■ Task instructions
Exact copies of the records below are needed, free of pictures.

[[ Given data open ]]

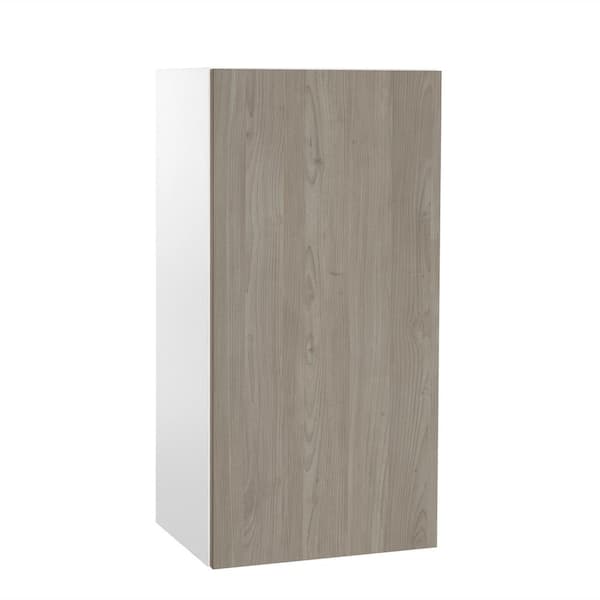 Cambridge Quick Assemble Modern Style, Grey Nordic 21 x 30 in. Wall Kitchen Cabinet (21 in. W x 12 D x 30 in. H)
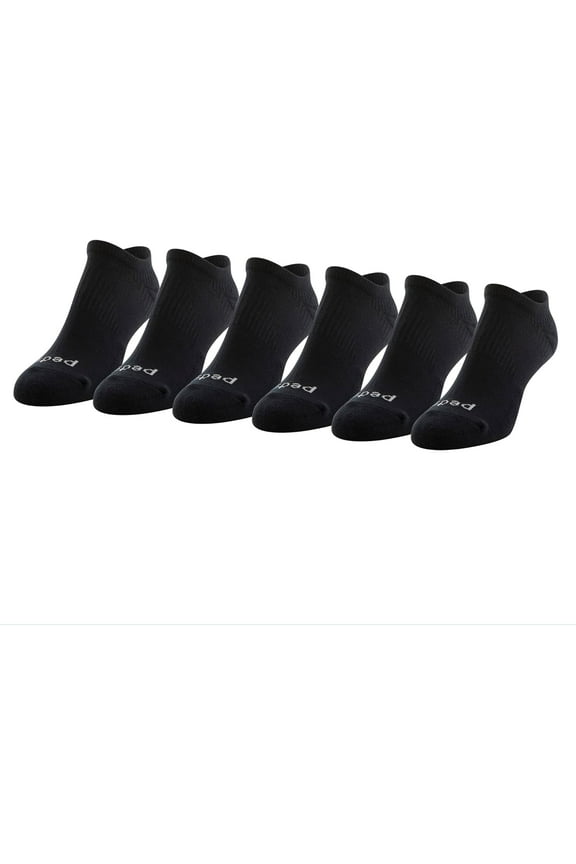 Women's Moisture Wicking Low Cut Socks with X-wrap Arch Support, Multipairs Shoe Size: Black (6-pairs)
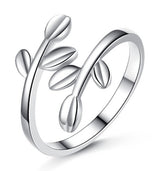 Simple leaf ring index finger jewelry creativity – Jewelry Gift Ideas — 1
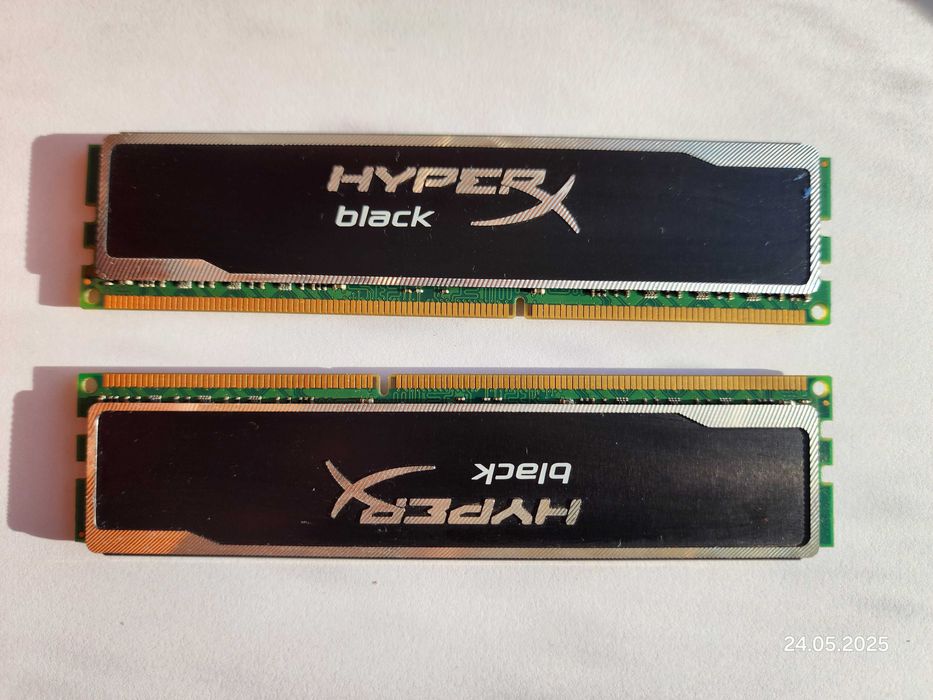 ОперативнА пам'ятЬ Kingston HyperX Black DDR3 8Gb (2x4Gb)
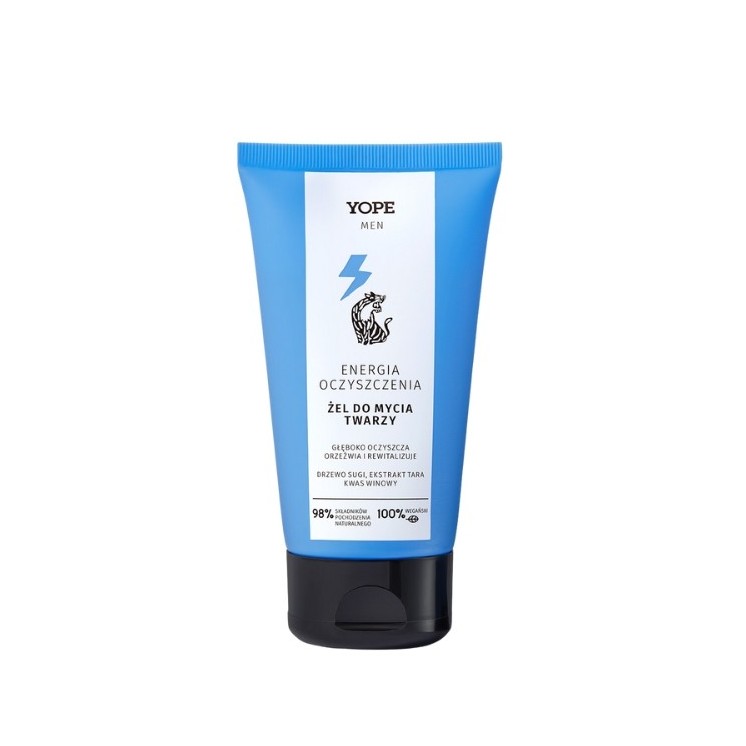 YOPE Men Wood Żel do mycia twarzy dla mężczyzn Energia oczyszczenia 150 ml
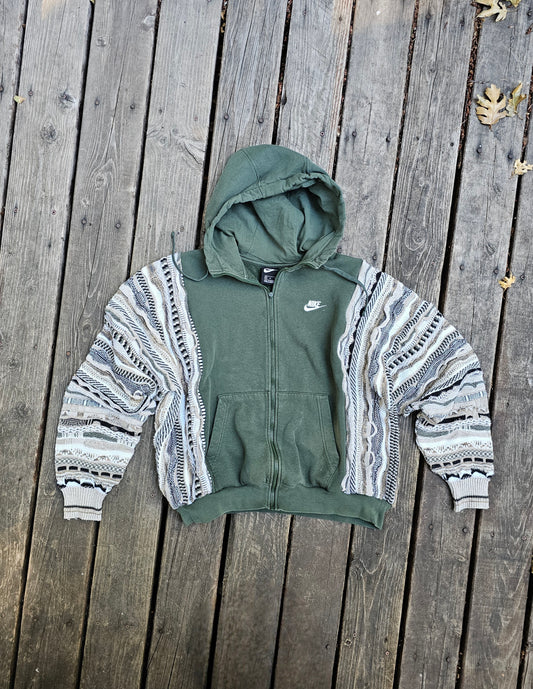 Green with envy zip up (l/xl)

[[ Given data closed ]]

■ Exercise output
 Cambridge Quick Assemble Modern Style, Grey Nordic 21 x 30 in. Wall Kitchen Cabinet (21 in. W x 12 D x 30 in. H)
 Women's Moisture Wicking Low Cut Socks with X-wrap Arch Support, Multipairs Shoe Size: Black (6-pairs)
 Simple leaf ring index finger jewelry creativity – Jewelry Gift Ideas — 1
 ОперативнА пам'ятЬ Kingston HyperX Black DDR3 8Gb (2x4Gb)
 YOPE Men Wood Żel do mycia twarzy dla mężczyzn Energia oczyszczenia 150 ml
 Green with envy zip up (l/xl)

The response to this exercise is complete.